United Irishman
- Front page of the July 1977 edition of the paper
- Type: Monthly newspaper
- Founded: May 1948
- Ceased publication: c. 1980
- Political alignment: Irish republicanism
- Language: English; Irish;
- Country: Republic of Ireland; Northern Ireland;

= United Irishman (1948 newspaper) =

Sinn Féin newspaper

The United Irishman/An tÉireannach Aontaithe, first published in May 1948 under Michael Traynor, was the official monthly organ of Sinn Féin sold by its members. At the time of its founding, the paper was strongly supported by prominent Irish Republicans who were no longer active in the Irish Republican Army. After the split in the Irish Republican Movement, the title continued as the organ of Official Sinn Féin, being published from its offices at 30 Gardner Place in Dublin. The Provisional wing published An Phoblacht. The first editor was Seán G. O'Kelly, based in an office at 38 South King Street in Dublin. The historian Éamonn MacThomáis edited the paper for a short while prior to the 1970 split in Sinn Féin.
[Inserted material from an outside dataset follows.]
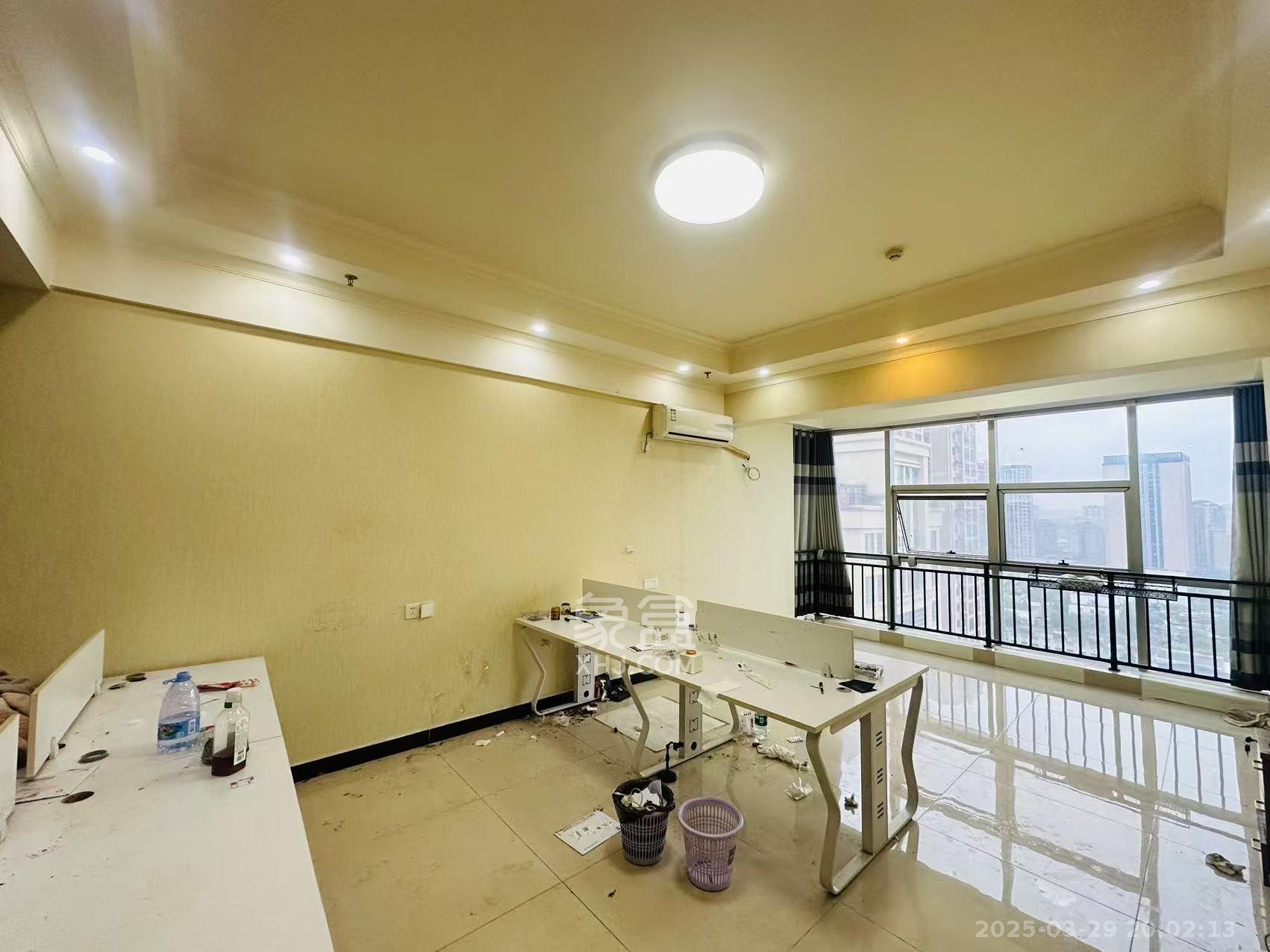 恒泰广场 1室1厅1卫 2200.0元/月 恒泰广场 1室1厅1卫 2200.0元/月室内图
Other editors of the paper included Seán Cronin, Seán Ó Brádaigh (1958–1960), Ruairí Ó Brádaigh, Eoin Ó Murchú, Jackie Ward, Seamus Ó Tuathail, Denis Foley, and Tony Meade (1967). Contributors to the paper included Eamon McCann, Roy Johnston, Eamon Smullen, Eoghan Harris, and Sean Garland. The United Irishman was replaced with The Irish People and Workers' Weekly in 1980.

It opposed the Republic of Ireland's entry into the European Economic Community.